An umbrella seems practical, yet a hassle. I'll stick with hoods, I think. My hair is just going to loooove this.

Until next time.

Friday, December 5, 2008

A journey of a thousand miles must begin with a single step.

As I've said, I'll be renting a car in Dublin, and driving to Longford (approx. 90 miles). Now, this creates a few issues:

1) I don't know how to read a map.
2) I don't know their road signs.
3) They drive on the other side of the road.


Here is the map I bought at B&N. The large orange area to the right is Dublin and the area to the left that I've circled is Ballymahon.

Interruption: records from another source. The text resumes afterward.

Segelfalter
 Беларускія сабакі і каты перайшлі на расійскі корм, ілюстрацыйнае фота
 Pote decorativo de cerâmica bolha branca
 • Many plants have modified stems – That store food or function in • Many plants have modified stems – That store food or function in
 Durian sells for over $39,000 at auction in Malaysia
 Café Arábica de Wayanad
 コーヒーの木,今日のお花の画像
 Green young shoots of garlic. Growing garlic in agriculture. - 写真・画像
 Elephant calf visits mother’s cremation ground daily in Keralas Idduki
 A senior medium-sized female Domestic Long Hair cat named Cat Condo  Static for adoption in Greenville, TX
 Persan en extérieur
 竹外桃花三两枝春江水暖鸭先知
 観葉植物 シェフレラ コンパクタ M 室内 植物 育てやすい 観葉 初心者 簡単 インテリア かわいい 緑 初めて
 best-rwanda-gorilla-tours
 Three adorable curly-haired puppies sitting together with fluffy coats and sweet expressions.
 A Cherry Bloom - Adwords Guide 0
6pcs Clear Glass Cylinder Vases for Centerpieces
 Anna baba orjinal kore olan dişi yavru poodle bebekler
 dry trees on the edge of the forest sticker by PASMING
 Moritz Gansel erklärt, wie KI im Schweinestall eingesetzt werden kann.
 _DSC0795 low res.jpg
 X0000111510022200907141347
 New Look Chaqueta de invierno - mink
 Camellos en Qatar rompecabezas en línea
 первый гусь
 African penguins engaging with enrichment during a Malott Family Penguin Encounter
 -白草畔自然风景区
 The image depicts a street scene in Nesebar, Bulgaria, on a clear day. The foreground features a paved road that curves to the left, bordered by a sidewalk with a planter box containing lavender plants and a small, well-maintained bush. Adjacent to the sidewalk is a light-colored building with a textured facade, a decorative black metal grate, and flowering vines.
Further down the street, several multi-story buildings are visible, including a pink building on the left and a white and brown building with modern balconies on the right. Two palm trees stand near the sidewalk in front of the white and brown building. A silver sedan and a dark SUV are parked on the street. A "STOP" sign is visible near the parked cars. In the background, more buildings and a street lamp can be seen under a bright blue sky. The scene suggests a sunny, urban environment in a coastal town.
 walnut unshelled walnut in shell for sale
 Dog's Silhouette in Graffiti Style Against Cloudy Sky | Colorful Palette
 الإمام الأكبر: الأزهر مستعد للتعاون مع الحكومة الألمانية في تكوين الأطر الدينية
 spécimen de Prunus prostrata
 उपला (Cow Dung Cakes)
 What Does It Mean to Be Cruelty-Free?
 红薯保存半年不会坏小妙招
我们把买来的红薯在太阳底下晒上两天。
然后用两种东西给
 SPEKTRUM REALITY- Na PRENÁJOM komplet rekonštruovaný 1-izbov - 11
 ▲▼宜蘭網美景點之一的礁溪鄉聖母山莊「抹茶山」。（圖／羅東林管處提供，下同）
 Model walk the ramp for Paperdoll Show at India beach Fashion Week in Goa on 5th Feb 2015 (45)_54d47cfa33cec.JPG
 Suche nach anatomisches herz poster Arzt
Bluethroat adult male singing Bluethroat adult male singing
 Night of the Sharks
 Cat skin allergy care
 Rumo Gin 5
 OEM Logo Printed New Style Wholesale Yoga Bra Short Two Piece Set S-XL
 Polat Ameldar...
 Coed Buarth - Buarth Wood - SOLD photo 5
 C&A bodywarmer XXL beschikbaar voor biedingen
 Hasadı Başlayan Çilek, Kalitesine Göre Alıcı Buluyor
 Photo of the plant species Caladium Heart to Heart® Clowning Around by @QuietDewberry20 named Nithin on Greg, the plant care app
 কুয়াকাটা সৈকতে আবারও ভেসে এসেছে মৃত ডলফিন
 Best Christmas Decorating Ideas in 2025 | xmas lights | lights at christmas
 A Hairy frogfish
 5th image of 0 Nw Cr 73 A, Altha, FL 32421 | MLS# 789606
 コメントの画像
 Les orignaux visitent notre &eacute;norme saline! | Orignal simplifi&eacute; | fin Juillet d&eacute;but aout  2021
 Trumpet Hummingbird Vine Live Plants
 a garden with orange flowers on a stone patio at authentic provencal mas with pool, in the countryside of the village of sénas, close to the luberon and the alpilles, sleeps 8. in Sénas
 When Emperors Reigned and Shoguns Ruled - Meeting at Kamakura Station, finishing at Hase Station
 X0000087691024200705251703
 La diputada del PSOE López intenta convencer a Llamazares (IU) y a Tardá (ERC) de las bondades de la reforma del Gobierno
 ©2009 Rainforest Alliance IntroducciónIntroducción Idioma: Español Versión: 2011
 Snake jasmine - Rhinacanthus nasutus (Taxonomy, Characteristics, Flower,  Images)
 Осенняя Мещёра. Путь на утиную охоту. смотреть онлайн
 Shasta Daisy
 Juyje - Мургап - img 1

I will take the blue road that comes out of Dublin (I don't think you can read the road names, but the one that comes almost at a straight horizontal line out of Dublin) which turns into N4 (the green line). Then I could do one of two things:

-Continue on N4 to where the map reads Longford, then turn left (SW) to Ballymahon.
-Get off N4 where the map reads Mullingar and then take the little orange road straight to Ballymahon.

The main roads are undoubtedly easier than little roads, but I'd like to see some of the country at the same time. Decisions, decisions.

Once back in Dublin however, I'm not sure how much driving I will do. It seems almost more logical to walk most of the time. I will drive to the train station for my two trips at least.

Here is the Dublin map I bought at B&N:






At the top I've labeled the airport and the road (Tolka Road) my hotel is on. It's nice that they're so close to each other. Also, I've found the road that BNY is on there (towards the bottom right - Guild St.) and I think I'll make a pit stop there if I have time. (There's more to Dublin of course but I couldn't fit it all in nicely.)

This map is so much more detailed than the first... hooray for friendly locals!

Since I'll be there on Easter (oops!) when most things are closed, I was thinking about doing a road trip in Longford and the surrounding areas.

Much more to plan, much much more.

And I'll need to invest in a compass!